如何处理SilverLight 4和WPF应用程序的WCF身份验证

Question

I'm looking for advice in order to deal with WCF Authentication for an application targetting both SilverLight and WPF client interface.

EDIT : Actually, the authentication mode i need is Username/Password combinaison.

In addition, in the future the application should be able to work in full-standalone mode (both client (WPF) and server on the same computer within the same application). So should i don't use WCF in that case ?

EDIT : Another addition, in the future again the application should be able to work in local network client-server mode (but without IIS), like a game.
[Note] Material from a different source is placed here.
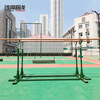 Desert Tango Outdoor Training Parallel Bars School Fitness Equipment Height Adjustable Floor-Standing Sports Trainer Factory Direct Mobile Model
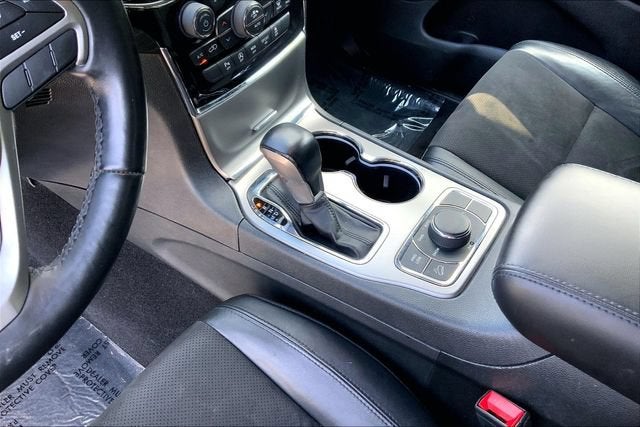 2022 Jeep Grand Cherokee WK Laredo X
So should i don't use WCF in that case to ? Or any other option ?

Answer 1

You can implement your own validator by inheriting from the UserNamePasswordValidator and setting the customUserNamePasswordValidatorType in your behavior configuration like this:

<behaviors>
            <serviceBehaviors>
                <behavior name="">
                    <serviceMetadata httpGetEnabled="true" />
                    <serviceCredentials>
                        <userNameAuthentication userNamePasswordValidationMode="Custom"
                                                customUserNamePasswordValidatorType="MyNamespace.MyValidator, MyNamespace" />
                    </serviceCredentials>
                </behavior>
            </serviceBehaviors>
        </behaviors>

On the client side you can set the username/password combination into the ClientCredentials.UserName.UserName/Password property of your service.

Answer 2

Check out this solution, using an AuthenticationService. I like it and decided to use it for a tri-platform application (web/SL/WPF)

http://msdn.microsoft.com/en-us/library/system.web.applicationservices.authenticationservice.aspx

Follow the links for sample implementations.

In this manner, you can rely on a classic custom ASP .NET MembershipProvider implementation (even in a standalone client).

Answer 3

IIS is not a requirement for hosting WCF service. Take a look at this link for various hosting options. Also WCF allows communication over various protocols. Take a look at this link for a summary of hosting options based on operating platform and communication protocol.

Answer 4

There are few techniques that can be used for authentication of WCF services (X509 certificates , token , username/password and windows authentication. Selecting the correct credential type is important.

Assuming (since you are using silverlight & WPF) that the setup is within a windows environment you can use windows authentication. To enable windows authentication follow the steps highlighted and host your service on IIS.

Hope this helps and good luck!.

Answer 5

The advantage of using WCF is that if you want to expose a service within the network or to the outside world you can just change/add some additional configurations without any change to the code.

So in your scenario of having both client and server on one machine or within a network is absolutely fine and the easy way is to have 2 end points exposed that deals with your requirements on the same service.

You can get around with one endpoint as well but using different endpoints with different binding mechanism reduces your overhead during authentication. Ex: When you are on the same machine you can use a net:pipe or net:tcp binding When you are within the domain you can use net:tcp or httpbinding.

Performance differs when using different bindings.